2016-04-19 10.41.03 verdun

And I’m still stunned. My imagination is defeated totally by the scale of it all. I’ve stood at the Lochnagar Crater and thought, God, you could get half my street in that! but can’t begin to conceive what it could have been like for a German in the front line when that mine went off. I’ve stood at Thiepval and oriented myself, and thought, how could anyone possibly survive walking that distance gradually uphill towards machine-gun fire? The scale of it all is just too much. And, although one can read about the number of deaths and casualties, it just isn’t possible fully to conceive or make sense of the enormity of it all.

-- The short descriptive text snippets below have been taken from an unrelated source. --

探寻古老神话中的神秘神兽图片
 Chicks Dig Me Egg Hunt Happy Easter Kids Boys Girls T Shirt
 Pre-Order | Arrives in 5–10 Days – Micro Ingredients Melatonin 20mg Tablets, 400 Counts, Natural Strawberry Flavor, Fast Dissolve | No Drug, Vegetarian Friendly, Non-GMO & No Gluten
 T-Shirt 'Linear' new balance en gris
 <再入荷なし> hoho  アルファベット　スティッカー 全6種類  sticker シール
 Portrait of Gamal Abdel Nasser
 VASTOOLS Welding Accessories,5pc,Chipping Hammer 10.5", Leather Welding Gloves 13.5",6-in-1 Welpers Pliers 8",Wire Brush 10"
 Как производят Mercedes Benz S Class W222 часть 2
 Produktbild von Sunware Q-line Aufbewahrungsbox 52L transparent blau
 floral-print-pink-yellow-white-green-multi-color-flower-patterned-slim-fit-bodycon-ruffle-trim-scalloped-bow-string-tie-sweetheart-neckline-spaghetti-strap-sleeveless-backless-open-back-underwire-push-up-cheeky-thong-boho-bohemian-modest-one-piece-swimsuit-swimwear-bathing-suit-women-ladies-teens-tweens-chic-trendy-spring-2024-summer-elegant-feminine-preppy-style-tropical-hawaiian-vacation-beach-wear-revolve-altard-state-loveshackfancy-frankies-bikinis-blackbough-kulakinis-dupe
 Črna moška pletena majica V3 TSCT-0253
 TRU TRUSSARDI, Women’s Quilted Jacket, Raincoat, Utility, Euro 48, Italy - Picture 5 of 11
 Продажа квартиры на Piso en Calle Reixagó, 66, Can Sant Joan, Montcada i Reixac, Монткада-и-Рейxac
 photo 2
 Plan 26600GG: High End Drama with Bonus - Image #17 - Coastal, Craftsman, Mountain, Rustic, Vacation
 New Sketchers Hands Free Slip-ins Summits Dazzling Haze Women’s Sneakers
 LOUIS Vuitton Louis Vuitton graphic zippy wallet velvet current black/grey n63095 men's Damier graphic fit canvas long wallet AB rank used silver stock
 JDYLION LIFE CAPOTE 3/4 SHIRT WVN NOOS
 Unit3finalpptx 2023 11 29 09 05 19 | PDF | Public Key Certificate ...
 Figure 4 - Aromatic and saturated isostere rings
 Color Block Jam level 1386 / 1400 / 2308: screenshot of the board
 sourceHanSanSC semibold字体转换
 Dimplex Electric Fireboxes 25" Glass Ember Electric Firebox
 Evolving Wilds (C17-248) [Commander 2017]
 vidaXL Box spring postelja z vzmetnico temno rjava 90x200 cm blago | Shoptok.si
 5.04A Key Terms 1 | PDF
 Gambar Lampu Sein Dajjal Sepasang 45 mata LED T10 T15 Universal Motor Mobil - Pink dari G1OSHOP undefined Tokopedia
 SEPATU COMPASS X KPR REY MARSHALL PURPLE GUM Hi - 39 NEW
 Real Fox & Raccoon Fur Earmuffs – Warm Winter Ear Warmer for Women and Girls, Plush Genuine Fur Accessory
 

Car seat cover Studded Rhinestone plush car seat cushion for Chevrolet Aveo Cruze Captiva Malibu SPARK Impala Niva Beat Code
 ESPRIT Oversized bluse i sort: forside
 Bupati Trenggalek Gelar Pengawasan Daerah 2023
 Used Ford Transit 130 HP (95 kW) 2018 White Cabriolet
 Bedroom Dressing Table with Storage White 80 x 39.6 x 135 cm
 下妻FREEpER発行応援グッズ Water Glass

One thing was brought home to me very clearly, with out the need for my imagination. This photo, from a display in one of the museums at Verdun, shows graphically what an exploding shell does; I am no longer surprised by accounts of men being torn to pieces and bodies being unrecognisable…

I think it’s really important for people to visit these places and to remember the past; I’ve noticed that Germans are now also coming to find the graves of their ancestors, and I’ve been very moved by the tributes GCSE History students on school trips have left in a number of war cemeteries, on the graves of combatants from both sides. It’s really important for people to keep on reading the literature from and about those times. This war – and another, perhaps even more horrific in other ways – happened in our, civilised Europe, and until very recently, in living memory, and deliberate efforts to ensure that such things never happen again germinated the European project that Britain managed to reject a few days ago. We have had more than seventy years of peace in Europe, and that’s far longer than any period of time peace before then. Imagination may defeat us, but memory should sustain us.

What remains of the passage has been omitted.